She was several weeks pregnant by a charismatic minister who had dumped her for a wealthier woman. For a while, the minister thought he had committed the perfect crime. He was wrong.

Avis Linnell

 

Avis Linnell was born in Hyannis Port on Dec. 19, 1891. She graduated from the high school in 1908, and from the Normal School in 1910.

She had “an exceedingly bright intellect which carried her through school with ease, of a lively and happy disposition, which endeared her to her friends,” according to the Sandwich Observer.

Avis had a soprano voice described as “angelic.” She sang in the choir at the small Baptist church in Hyannis that she attended with her parents and three sisters.

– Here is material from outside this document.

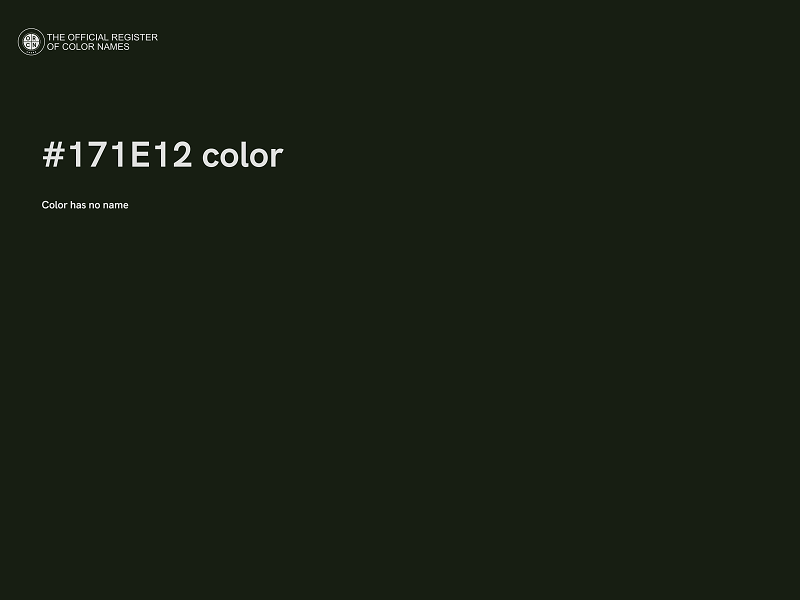 #171E12 color image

In 1908, a new preacher, Clarence Richeson, came to her church in Hyannis. People said the tall, handsome giant from Virginia was touched with mysticism. Avis fell in love with him, and he returned her feelings. On her 19th birthday, he gave her a ring.

Richeson employed an energetic Southern style of preaching. The conservative Cape Codders couldn’t take his exuberance, so he resigned in 1910.

Boston

Clarence Richeson

Clarence Richeson

Richeson got a job at the prestigious Immanual Baptist Church in Cambridge. He then convinced Avis to apply to the New England Conservatory of Music. She did, and in the fall of 1910, she moved to the YWCA in Boston.

In early 1911 Avis told her mother they had broken up. In March, Richeson announced his engagement to Violet Edmands, a well-connected, rich young woman from Brookline.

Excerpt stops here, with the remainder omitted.